Das Ambientelicht setzt dezente Linien an Türgriffen, Mittelkonsole und Armaturenbrett. Keine Farborgien, sondern gezielte Lichtführung. Die Klimatisierung arbeitet geräuscharm mit Zwei-Zonen-Regelung und Partikelfilterung. Die Luftverteilung erfolgt gleichmäßig über verdeckte Düsen, inspiriert von Cassinas Möbelbelüftungssystemen.

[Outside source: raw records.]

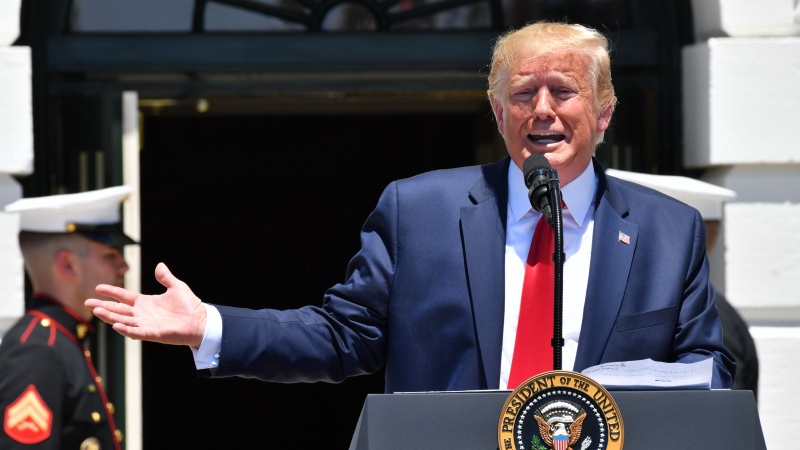 Tramp CNN aparıcısını təhqir edib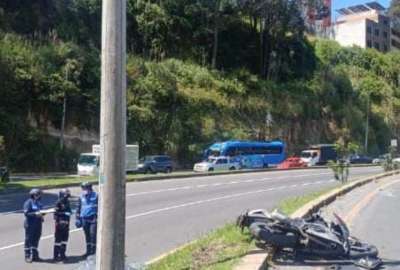  Siniestro de tr&aacute;nsito en la av. Sim&oacute;n Bol&iacute;var deja un fallecido.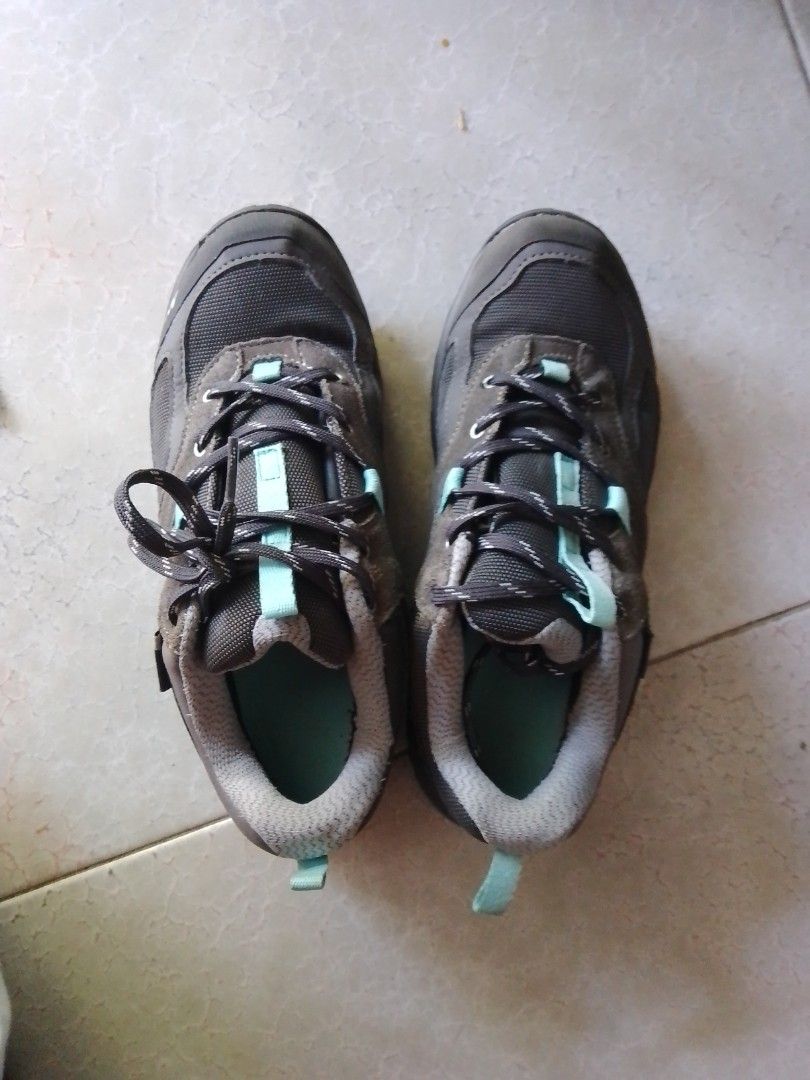 Quechua hot sale mountain shoes
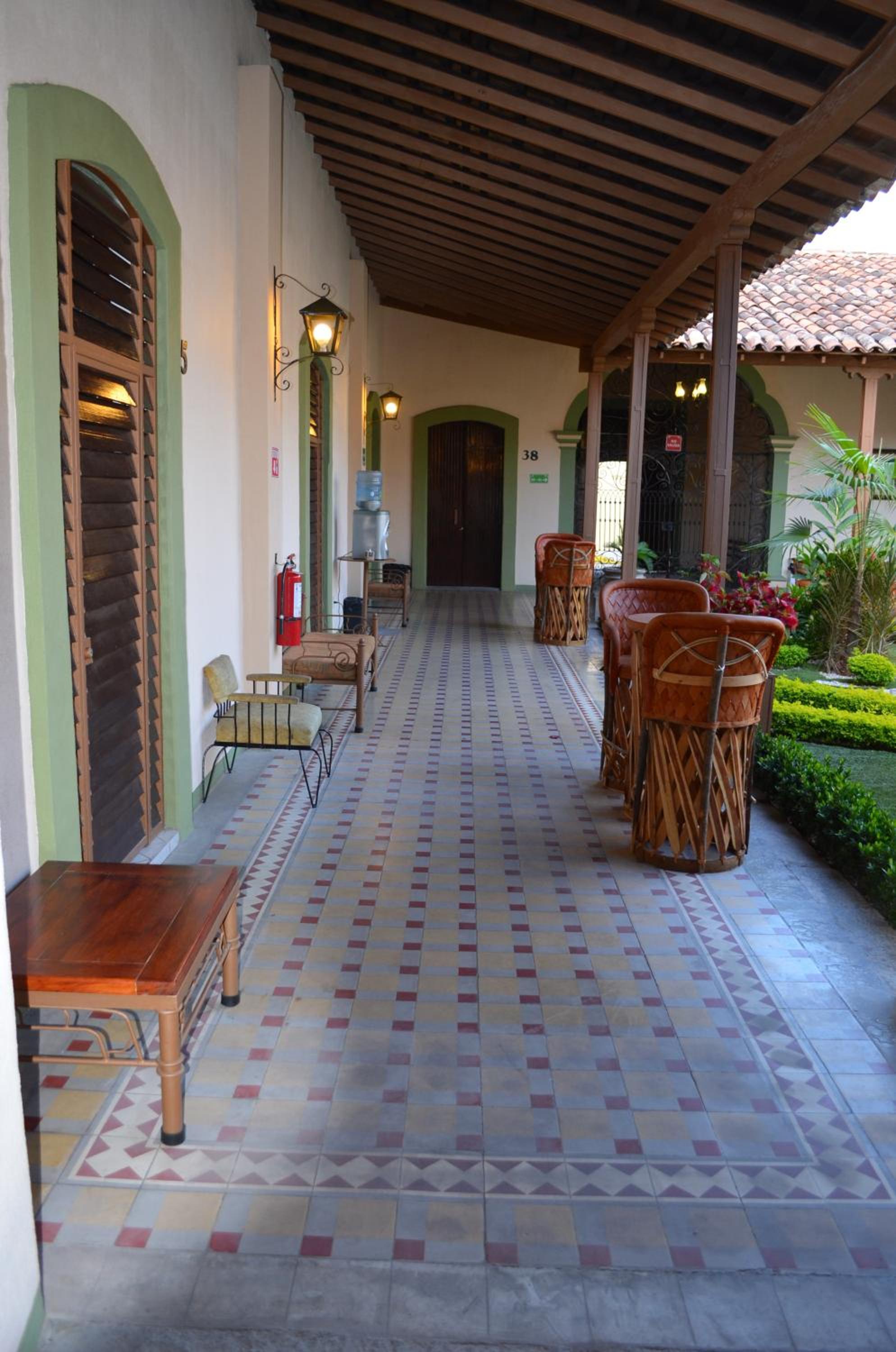 Colima Vacations - Hotel La Merced - Property Image 2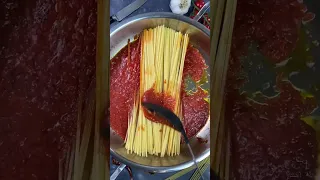 Spaghetti all‘Assassina 🍅traditionelles italienisches Pasta Rezept aus Bari, einfach lecker #shorts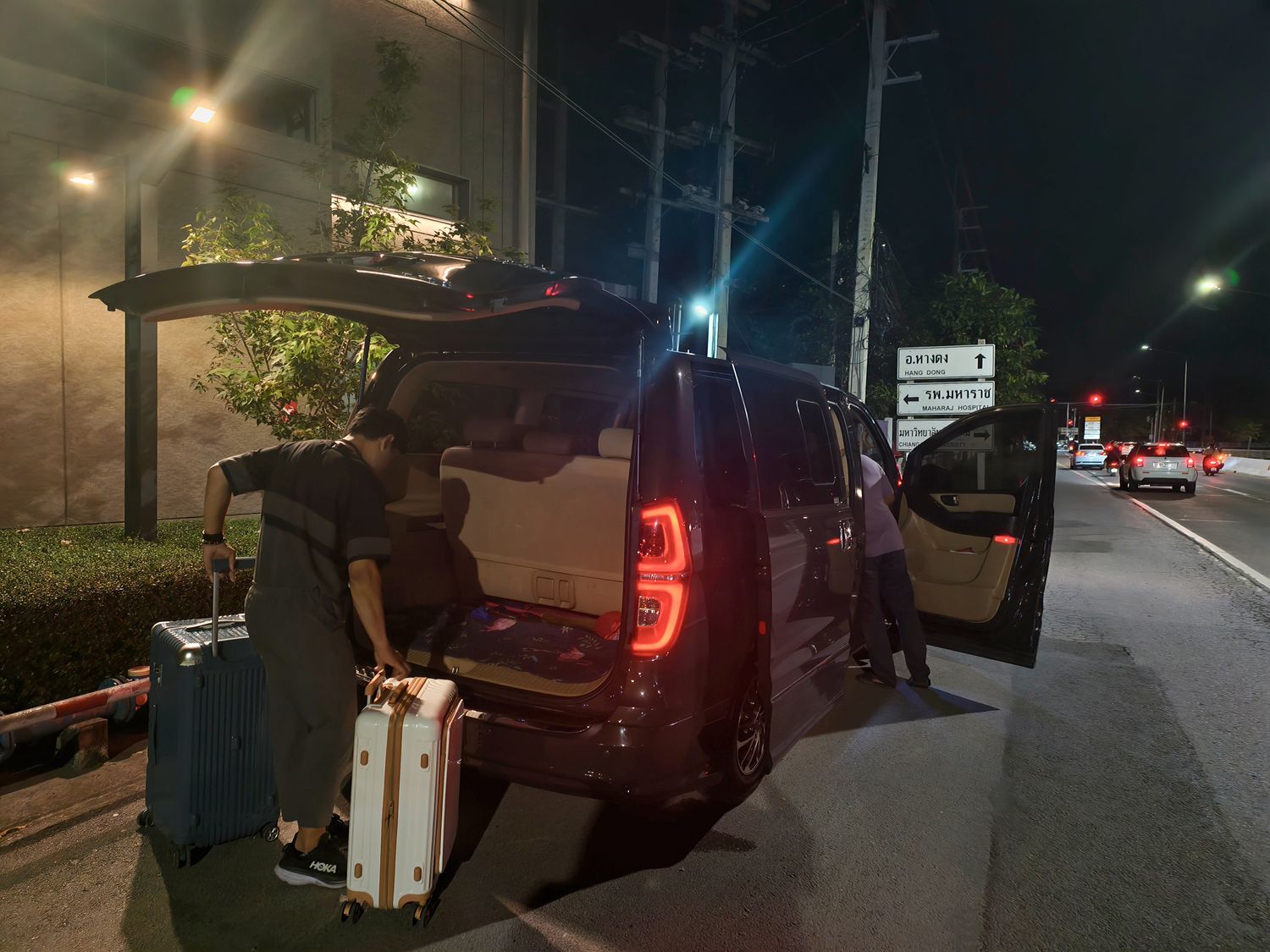 清邁機場接送|告別計程車、不用怕被抬價，專車直達古城! @混血珊莎的奇幻旅程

Der Raumkomfort profitiert vom flachen Akkupaket unter dem Fahrzeugboden. Die Sitzposition bleibt natürlich, der Einstieg bequem. Im Fond finden Erwachsene Platz mit ausreichender Beinlänge. Die Fensterflächen bieten gute Übersicht und unterstützen die ruhige Linienführung des Designs.
Komfort und Geräuschkultur
Die Dämmung des Bodens und der Radkästen wurde gezielt optimiert. Akustikglas an Front und Seitenfenstern senkt Außengeräusche deutlich. Das Ergebnis ist ein Innenraum, der bei Tempo 100 den Eindruck einer höheren Fahrzeugklasse vermittelt.

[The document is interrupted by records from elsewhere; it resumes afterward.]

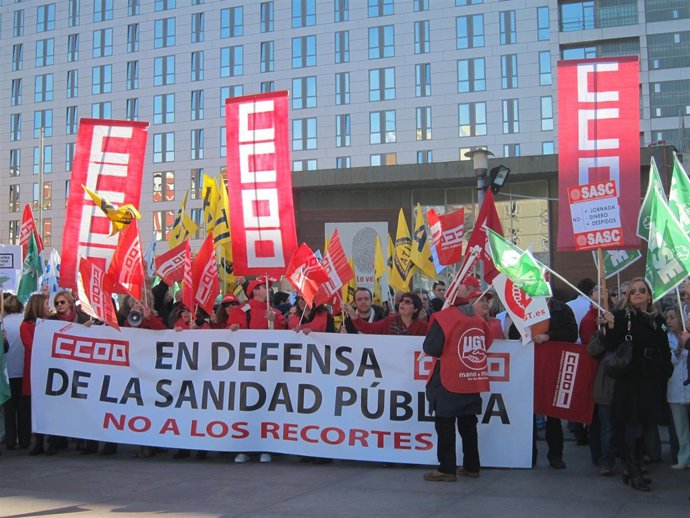 Protesta En Valdecilla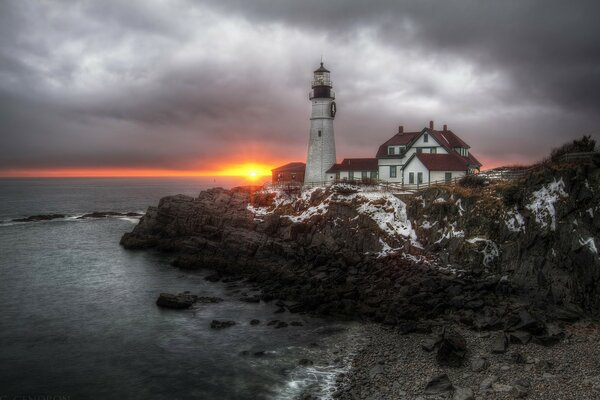 Faro en los Estados Unidos junto al mar, en tiempo nublado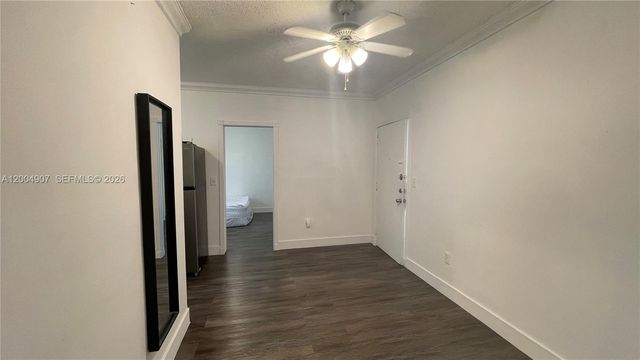 1043 NW 2nd St 9, Miami, FL 33128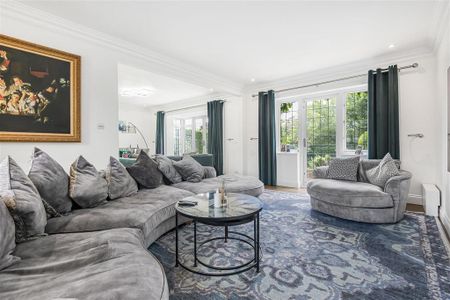 7 bedroom detached house to rent - Photo 3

Das Soundsystem stammt von einem italienischen Zulieferer mit speziellem Fokus auf akustische Reinheit. Der Frequenzgang bleibt ausgewogen, der Bass kontrolliert. Bei voller Lautstärke verzerrt nichts, selbst bei offener Verbindung via Bluetooth.

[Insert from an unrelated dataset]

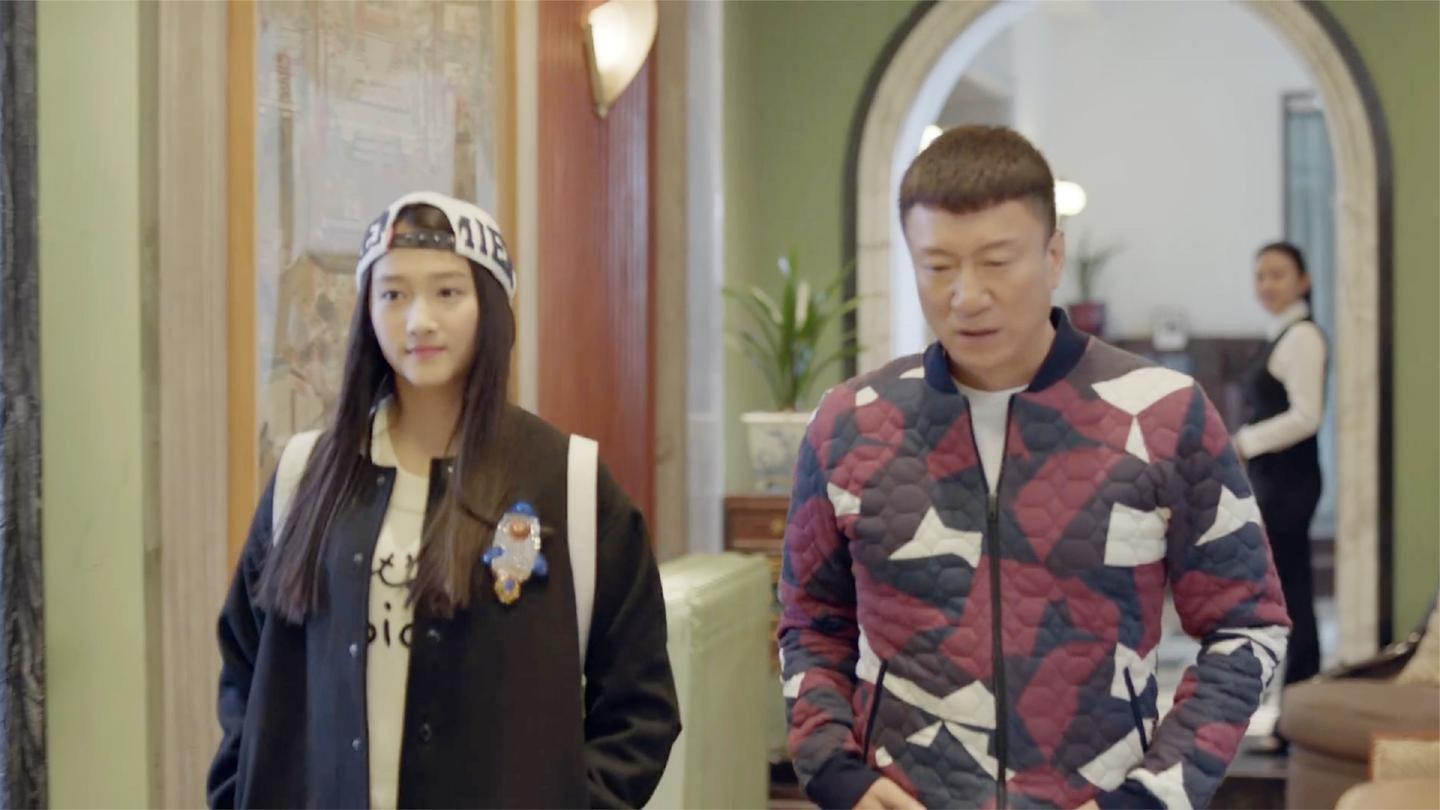 好先生: 男子酒店相亲, 服务员叫他哥, 经理送他酒, 老板给他免单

Die Federung schluckt kleine Stöße und gleicht Unebenheiten souverän aus. Die Sitzpolster unterstützen längere Etappen ohne Druckpunkte. Auf grobem Asphalt bleibt das Fahrzeug ruhig. Die Stoßisolierung wirkt mechanisch robust, ohne Schwammigkeit.
Das Ergebnis ist ein Fahrzeug, das Ruhe vermittelt. Kein sportlicher Anspruch, kein aggressives Setup – stattdessen Gelassenheit und Präzision. Ein Auto, das seine Technik versteht und sie nicht demonstrativ ausstellt.
Preis und Marktposition
Der Ypsilon Edizione Cassina startet in Italien bei rund 39.500 Euro für die Elektrovariante. Die Mildhybrid-Version rangiert zwischen 25.000 und 27.000 Euro. In Deutschland dürfte der Preis auf ähnlichem Niveau liegen, abhängig von Ausstattung und Markteinführung.
Im Marktumfeld trifft der Ypsilon auf bekannte Namen: Fiat 600e, Opel Corsa Electric, Peugeot e-208, Renault Clio E-Tech Hybrid und VW ID.2. Während diese Modelle Massenkompatibilität betonen, zielt Lancia auf Charakter. Die klare Linienführung, das wohnliche Interieur und die präzise Technik setzen einen differenzierten Akzent im B-Segment.
Die Zukunftsplanung der Marke sieht eine vollständige Elektrifizierung bis 2028 vor. Der Ypsilon markiert den Anfang. Er zeigt, dass ein Kleinwagen kein Kompromiss zwischen Stil und Technik sein muss, sondern eine saubere Einheit aus beiden Komponenten darstellen kann.